Egocentryczna psychoanaliza osobowości


Brzmi groźnie, ale nie będzie tak źle. Z tym, że będzie to tekst o mnie. Dlatego dodałam egocentryzm w tytule. I będzie długi, ponieważ muszę Wam wyjaśnić, o co chodzi, a potem opisać siebie. Także cierpliwości. W zasadzie, możecie tylko przeczytać wyjaśnienie, bo to będzie dla Was interesujące, ale z drugiej strony, czyż ja też nie jestem interesująca? :)

Dobra, odpuszczam głupie teksty i przechodzę do wyjaśnień. Kilka lat temu przeczytałam książkę Thomasa Eriksona pod tytułem "Otoczeni przez idiotów". Autor jest szwedzkim psychologiem i trenerem w korporacjach. Robi też inne rzeczy, ale o tym możecie sobie przeczytać w Internecie. W swojej książce pokazuje na przykładach z życia wziętych, działanie i sposób bycia poszczególnych osobowości. Na pewno je znacie pod takimi nazwami, jak flegmatyk, sangwinik, melancholik i choleryk, ale pan Erikson posługuje się kolorami. Czerwony, zielony, żółty i niebieski. A pełny opis poszczególnych kolorów możecie przeczytać na stronie test Hartmana czy osobowości DISC. Lub w wyżej przeze mnie wymienionej książce. Bardzo pouczająca.

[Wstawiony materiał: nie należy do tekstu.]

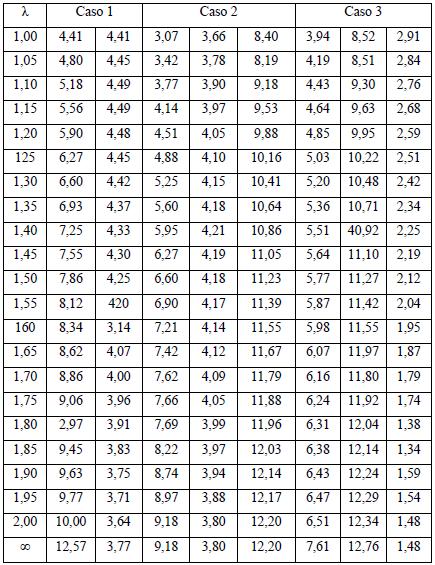 96 Tabela 37 Coeficiente λ para o cálculo de momentos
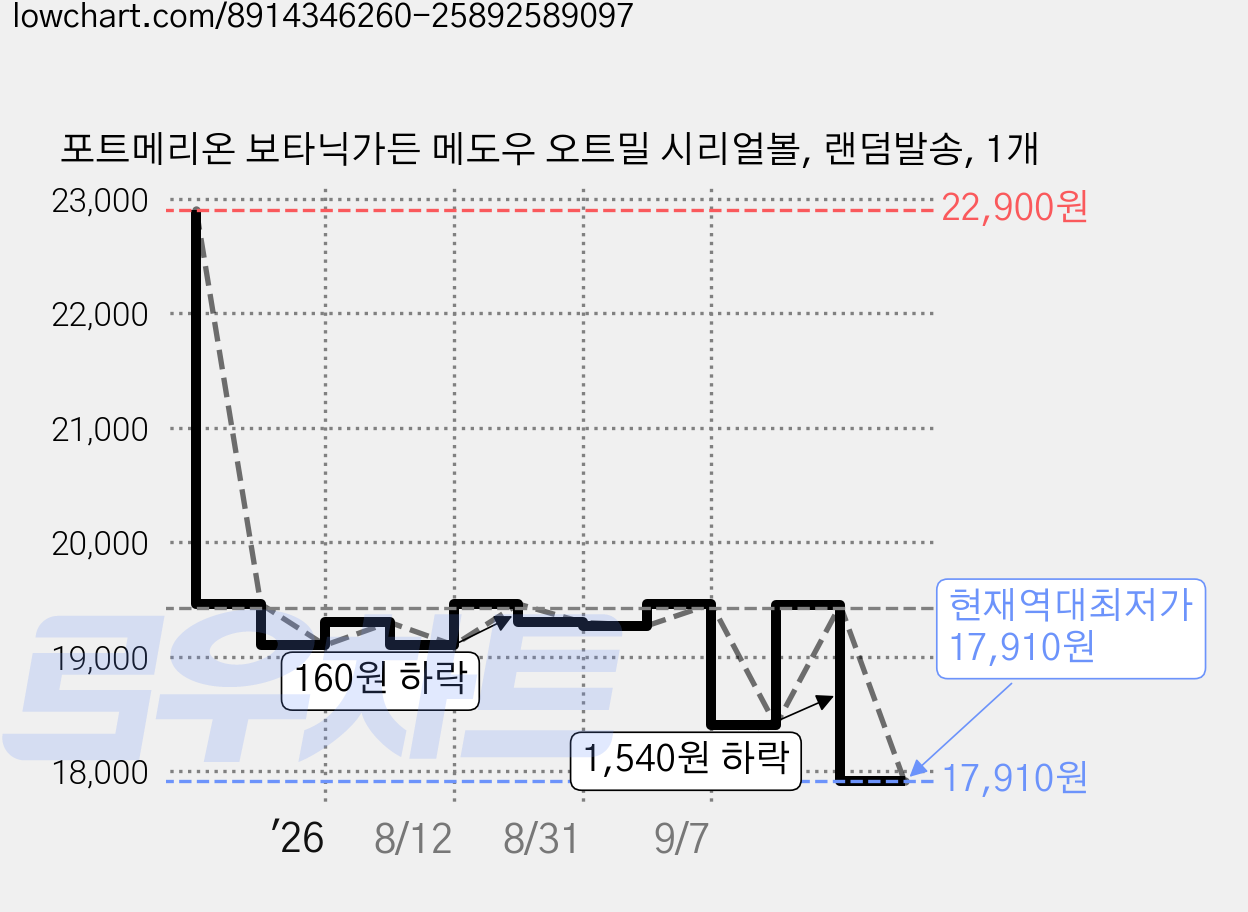 포트메리온 보타닉가든 메도우 오트밀 시리얼볼, 랜덤발송, 1개 가격 변동 차트, 현재가 17,910원, 역대최저가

U mnie opis będzie skrótowy.

 

Czerwony- osobowość dominująca, nastawiona na działanie i szybkie osiągniecie celu. Wybuchowy, nie słucha, nie lubi czczej gadaniny. Nie skupia się na szczegółach, widzi całość. Nie przejmuje się opinią innych oraz wali prawdę między oczy, czy ktoś tego chce czy nie. Ma problem - rozwiązuje problem. Często lider grupy. 

 

Żółty - osobowość dominująca, ale nastawiona na relacje z drugim człowiekiem. Ekstrawertyk, gaduła, nie słucha, jest optymistycznie nastawiony do świata, ale strzela fochy i się obraża. Bez ludzi usycha, zawsze w centrum uwagi, gejzer pomysłów i szalonych rozwiązań, chaotyczny. Nie kończy zaczętych spraw i jak nie ma fajerwerków, to szybko się nudzi. Patrzy powierzchownie. Egocentryk, ale lubiany przez innych. Unika konfliktów, bo psują nastrój.

 

Zielony - pasywny, wycofany, nie lubi być na pierwszym planie. Niezdecydowany.  Sumienny i lojalny. Słucha. Dba o relacje i otoczenie. Empatyczny. Jest lubiany. Dba o samopoczucie i komfort innych. Nie lubi konfliktów, ale swoje myśli. Wykonuje pracę, bo tak trzeba. Dobrze funkcjonuje w grupie stabilnej emocjonalnie, gorzej w sytuacjach stresowych. Absolutnie nie jest liderem, woli siedzieć w trzecim rzędzie. Można na nim polegać. Jest obrażalski.

 

Niebieski- osobowość analityczna. Introwertyk. Nie potrzebuje towarzystwa, najlepiej pracuje sam. Skrupulatny i dokładny. Małomówny i pewien swoich racji. Nie przejmuje się, co inni o nim sądzą. Nie lubi chaosu. Pracuje dokładnie i za długo. Ma dobrą pamięć. Źle znosi porażki.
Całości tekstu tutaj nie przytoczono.